> [Instructions for the task]
Although the data below contains pictures, please reproduce only its words, exactly.

Top of Available data

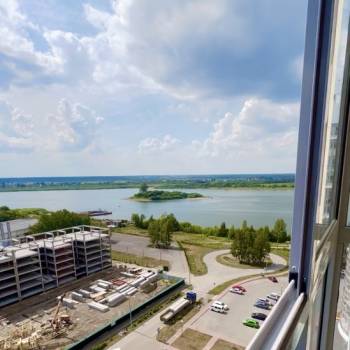 Продается 1-комнатная квартира, 41,3 м²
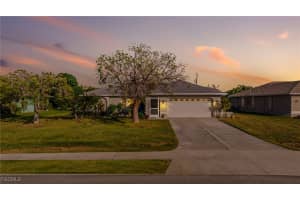 1615 Academy Boulevard, Cape Coral, FL 33990 - MLS#2025019729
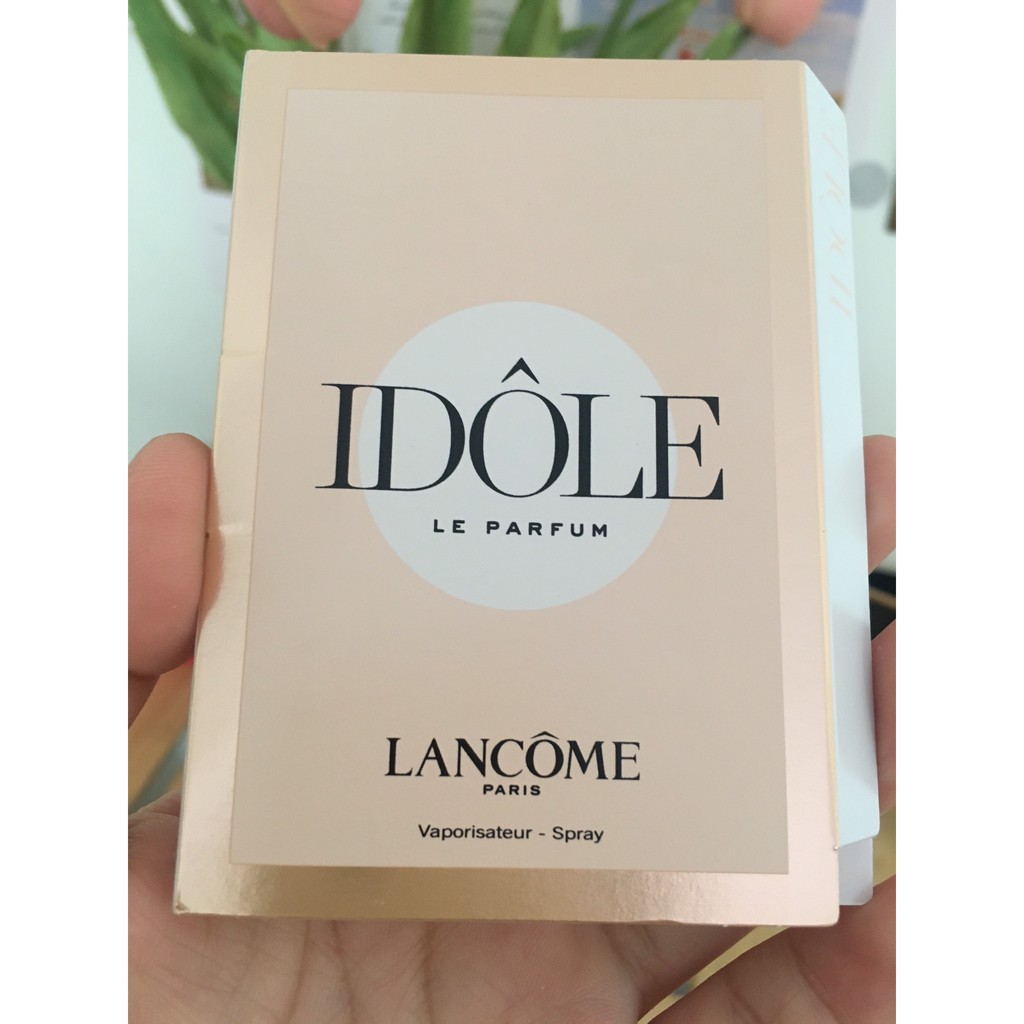 Idole Lancome 1.2 ml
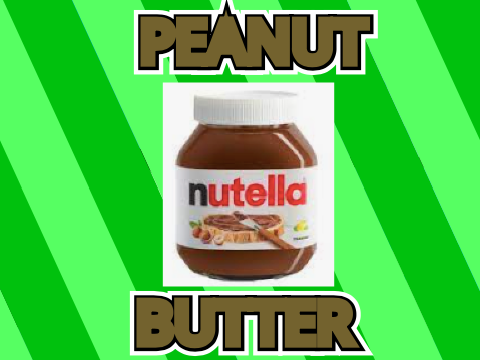 PEANUT BUTTER!!! | #all #trending #animations #stories #art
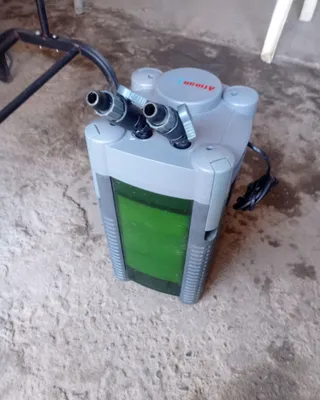 Atman tashqi filtrini sotaman 1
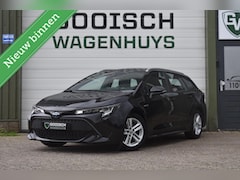 Toyota Corolla Touring Sports - 1.8 Hybrid Active | Navi | Camera | Carplay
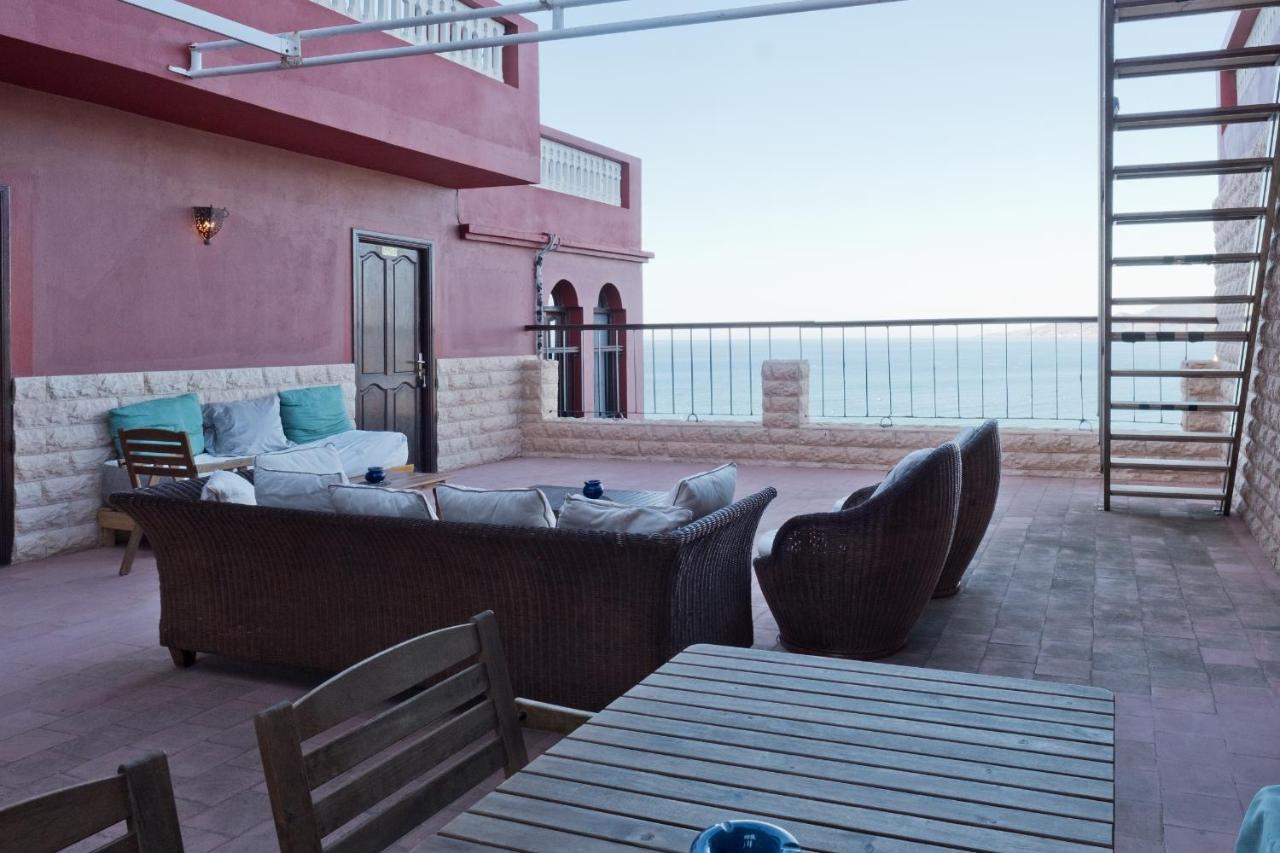 Casa Paca Alhucemas Guesthouse B&B Eksteriør billede
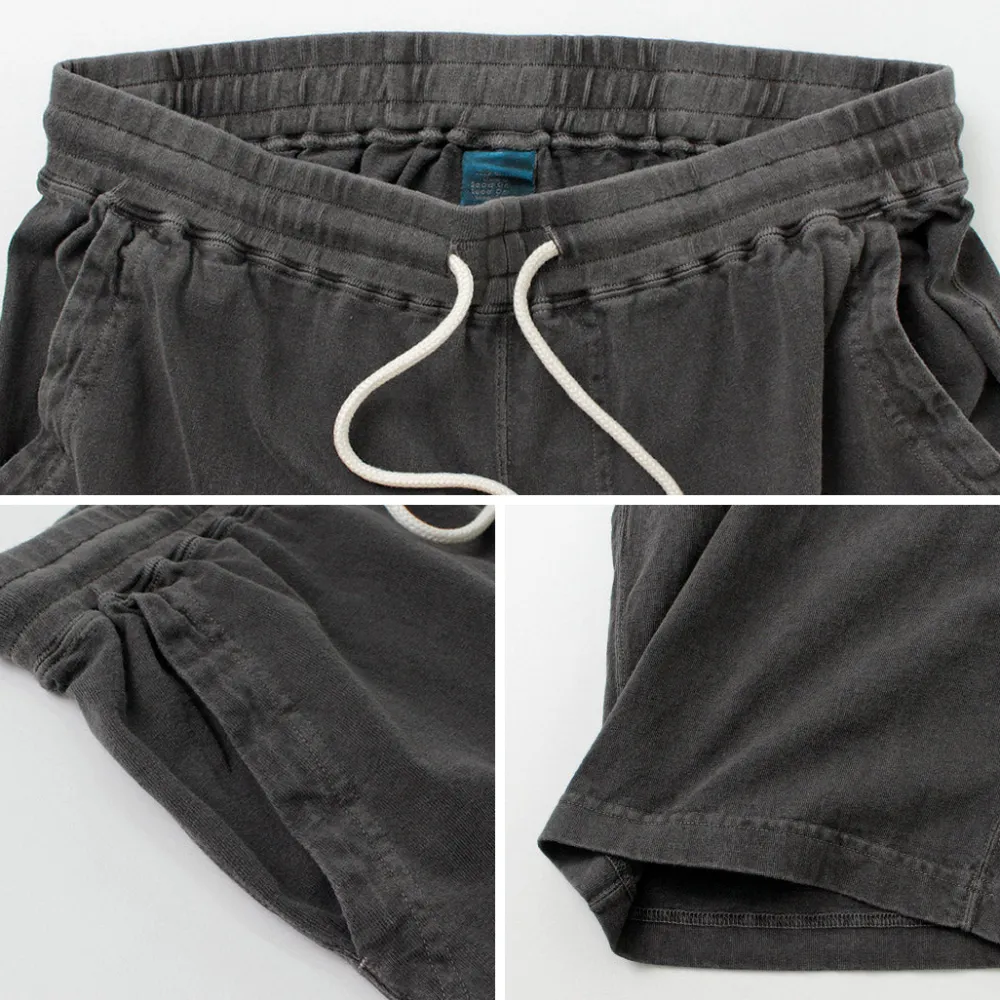 GOOD ON Shorts^/ Tee Shorts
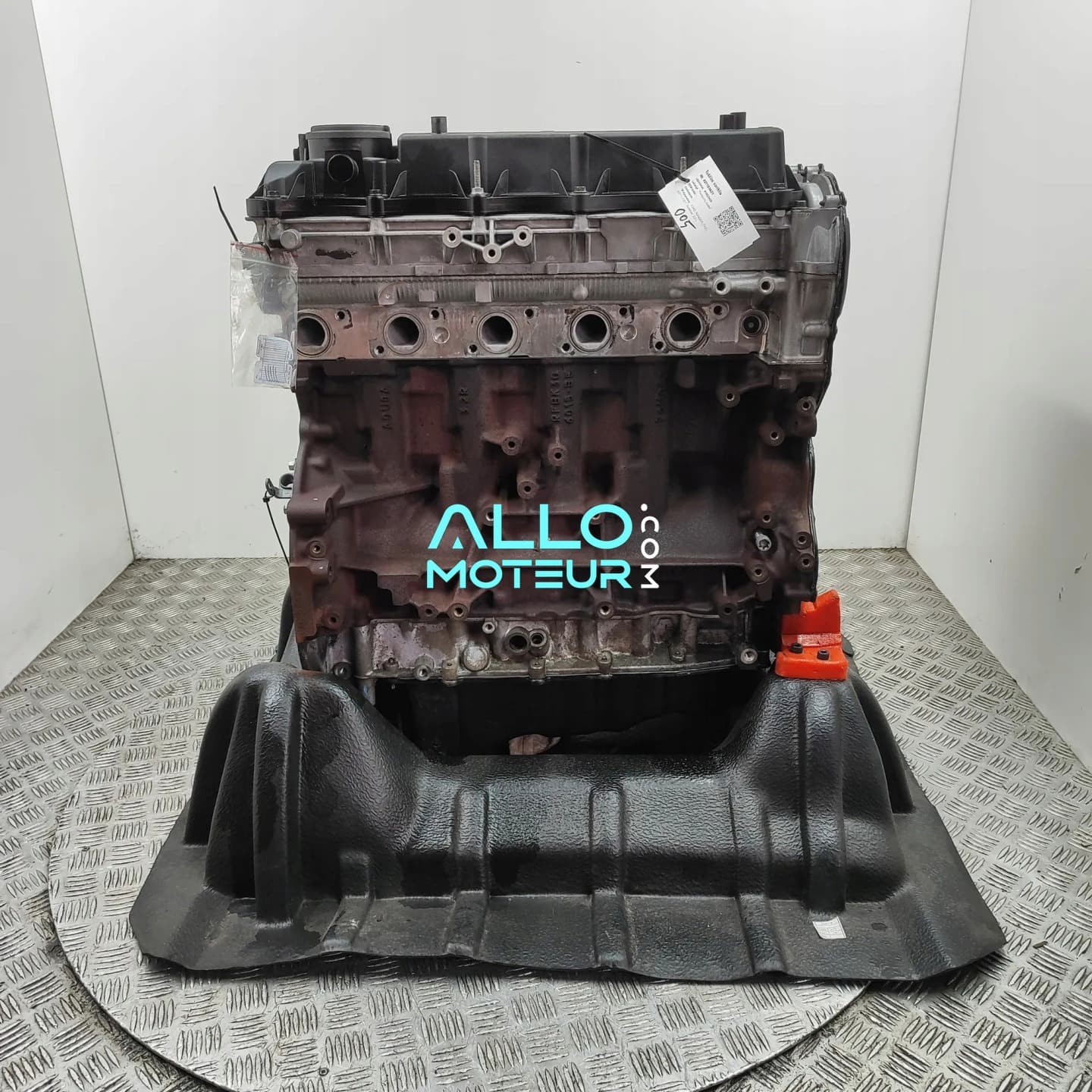 Bloc moteur nu culasse FORD ranger 3.2 tdci SA2S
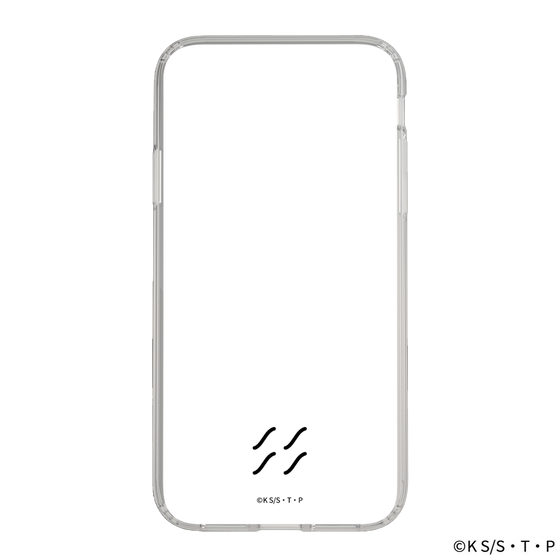 スリムプロテクションケース［ NARUTO -ナルト- 疾風伝 - 霧隠れの里 ］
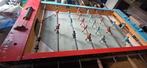 Jupiter kicker, Kinderen en Baby's, Speelgoed | Voetbaltafels, Ophalen, Gebruikt
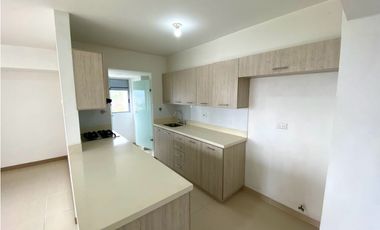 VENDEMOS APARTAMENTO EN LA ESTRELLA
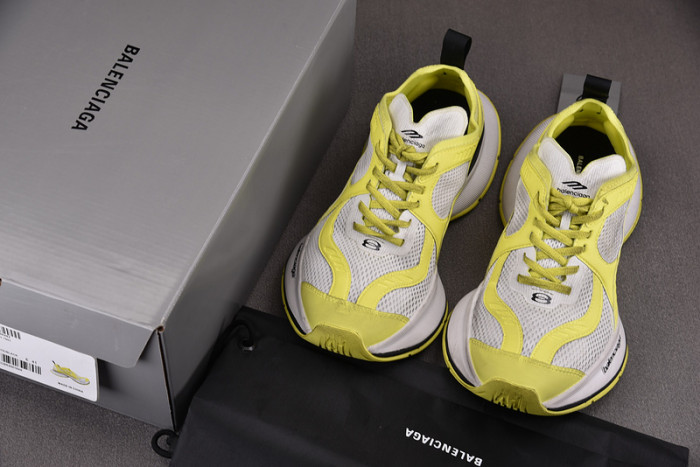 BALENCIAGA CIRCUIT SNEAKERS 793945-WFLGY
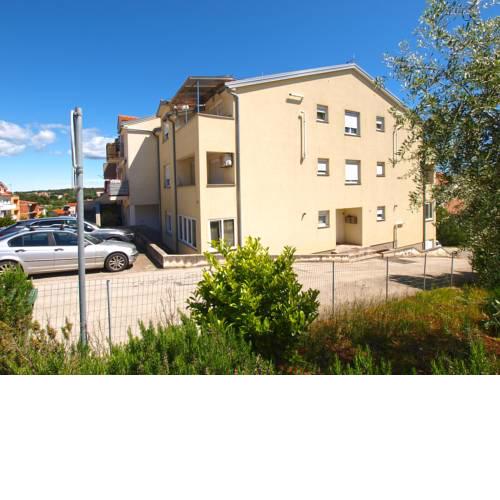 Apartment Robert 1867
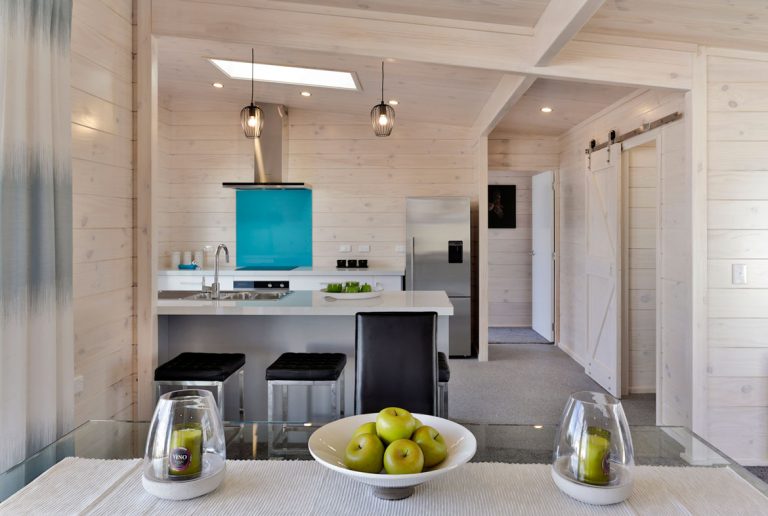 Lockwood Lifestyler home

Bottom of Available data

> [Written answer]
 Продается 1-комнатная квартира, 41,3 м²
 1615 Academy Boulevard, Cape Coral, FL 33990 - MLS#2025019729
 Idole Lancome 1.2 ml
 PEANUT BUTTER!!! | #all #trending #animations #stories #art
 Atman tashqi filtrini sotaman 1
 Toyota Corolla Touring Sports - 1.8 Hybrid Active | Navi | Camera | Carplay
 Casa Paca Alhucemas Guesthouse B&B Eksteriør billede
 GOOD ON Shorts^/ Tee Shorts
 Bloc moteur nu culasse FORD ranger 3.2 tdci SA2S
 スリムプロテクションケース［ NARUTO -ナルト- 疾風伝 - 霧隠れの里 ］
 Jupiter kicker, Kinderen en Baby's, Speelgoed | Voetbaltafels, Ophalen, Gebruikt
 VENDEMOS APARTAMENTO EN LA ESTRELLA
 BALENCIAGA CIRCUIT SNEAKERS 793945-WFLGY
 Apartment Robert 1867
 Lockwood Lifestyler home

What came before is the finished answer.